Il s’ensuit, qu’aucune condamnation solidaire ne peut intervenir sur le fondement de l’article 1641 du Code civil, entre Monsieur D X et Madame E X et la société Normandy Avenue, demande dont Monsieur B Z sera débouté.
Monsieur D X et Madame E X seront condamnés à payer à Monsieur B Z la somme de 11.800 € correspondant au prix d’achat du véhicule et la somme de 416,76 € au titre du paiement de la carte grise en application de l’article 1646 du Code civil.
La somme de 287,40 € correspond à la dépense pour la dépose de la chaîne de distribution dans le cadre des opérations d’expertise et celle de 600 € aux honoraires d’expertise du cabinet assistance expertise conseil (AEC). Monsieur B H doit en être indemnisé au titre des frais exposés pour le procès.
Il sera fait droit à la demande, au titre des frais irrépétibles.
Dès lors qu’ils sont vendeurs de bonne foi, Monsieur B Z sera débouté de ses demandes à l’encontre de Monsieur et Madame X, au titre des frais de gardiennage et du préjudice de jouissance.
La responsabilité de la société Normandy Avenue
Monsieur B Z avait formé à son encontre une demande subsidiaire au titre du manquement à son obligation de résultat, tendant notamment à la prise en charge des réparations estimée à 1.863,49 €.
Dès lors que la vente est résolue sur le fondement des vices cachés, l’examen de cette demande est sans objet.
Il convient, par ailleurs, d’observer que Monsieur D X et Madame E X n’ont présenté aucune demande à l’encontre de cette société.
Sur la demande de dommages et intérêts pour procédure abusive
Le jugement sera confirmé en ce qu’il a débouté Monsieur et Madame X de leur demande de dommages et intérêts pour procédure abusive, Monsieur B Z ayant obtenu gain de cause devant la cour.

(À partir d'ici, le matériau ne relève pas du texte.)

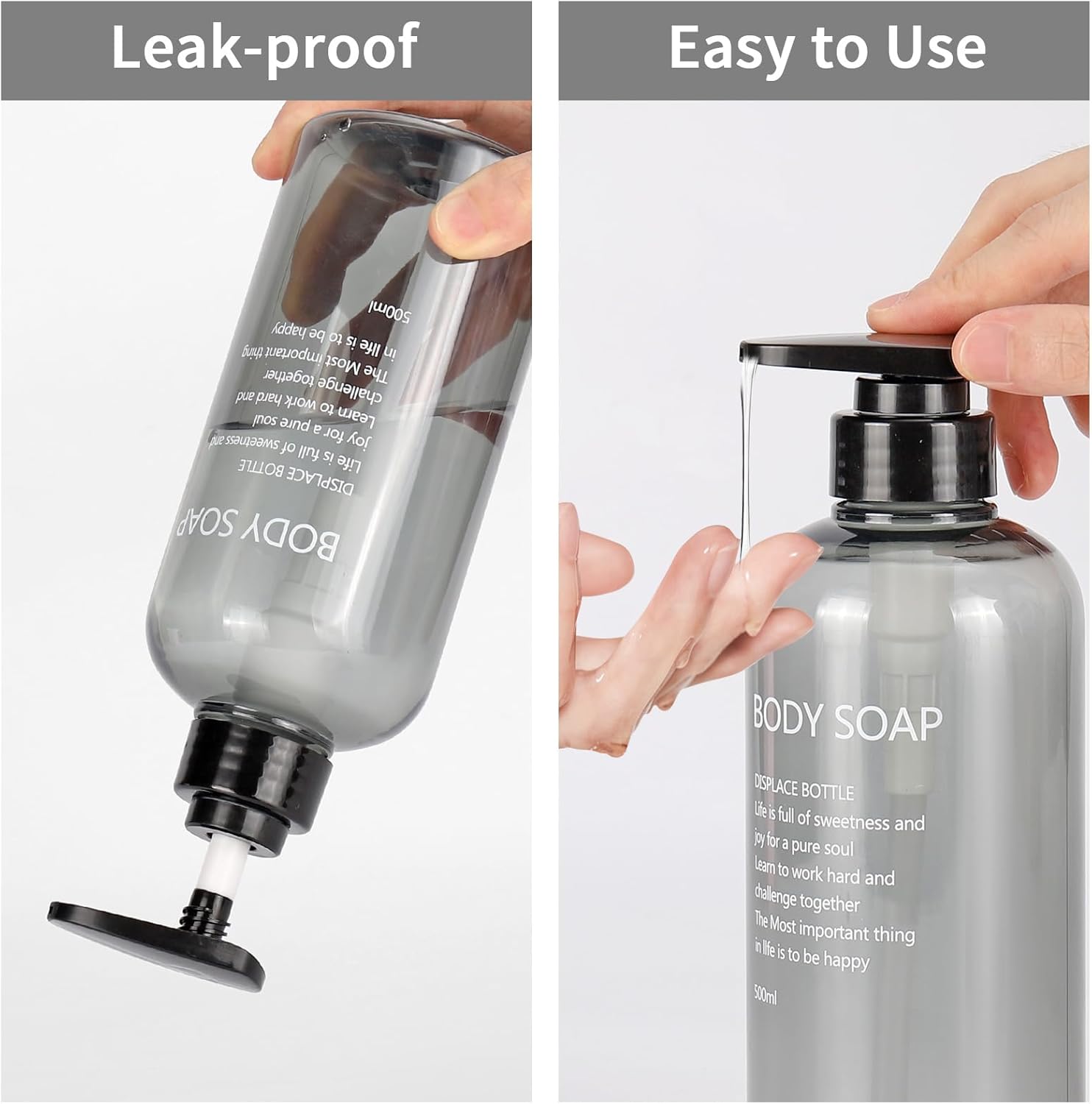 Czemo Dispenser Shampoo e Bagnoschiuma 500ML (3 Pezzi) - immagine 3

Sur les demandes sur le fondement de l’article 700 du code de procédure civile et les dépens
Le jugement sera infirmé de ces chefs.
Monsieur et Madame X seront déboutés de leur demande sur le fondement de l’article 700 du code de procédure civile et condamnés de ce chef à payer à Monsieur B Z, la somme
que l’équité commande de fixer à 1.887,40 €.
La société Normandy Avenue sera déboutée de sa demande sur le fondement de l’article 700 du code de procédure civile.
Monsieur et Madame X seront condamnés aux dépens de première instance et d’appel.
Par ces motifs
La cour après en avoir délibéré, statuant publiquement, contradictoirement, et en dernier ressort,
Confirme le jugement déféré en ce qu’il a débouté Monsieur et Madame X de leur demande de dommages et intérêts pour procédure abusive,
Infirmant le jugement pour le surplus et statuant à nouveau,
Dit n’y avoir lieu à expertise judiciaire,
Prononce la résolution de la vente intervenue entre Monsieur D X et Madame E F, son épouse, et Monsieur B Z du véhicule de marque Mini mis en circulation le 17 avril 2008, […],
Condamne Monsieur D X et Madame E F, son épouse, à payer à Monsieur B Z la somme de 11.800 € correspondant au prix d’achat du véhicule et la somme de 416,76 € au titre du paiement de la carte grise,
Déboute Monsieur B Z de sa demande de condamnation solidaire de la société Normandy Avenue et de Monsieur D X et Madame E F, son épouse, sur le fondement de l’article 1641 du code de procédure civile, et du surplus de ses demandes financières,
Condamne Monsieur D X et Madame E F, son épouse, à payer à Monsieur B Z la somme de 1887,40 € sur le fondement de l’article 700 du code de procédure civile,
Déboute Monsieur D X et Madame E F, son épouse, et la société Normandy Avenue de leurs demandes sur le fondement de l’article 700 du code de procédure civile,
Condamne Monsieur D X et Madame E F, son épouse, aux dépens de première instance et d’appel.
Le présent arrêt a été signé par Mme O, Président, et par Mme M, faisant fonction de Greffier, auquel la minute de la décision a été remise par le magistrat signataire.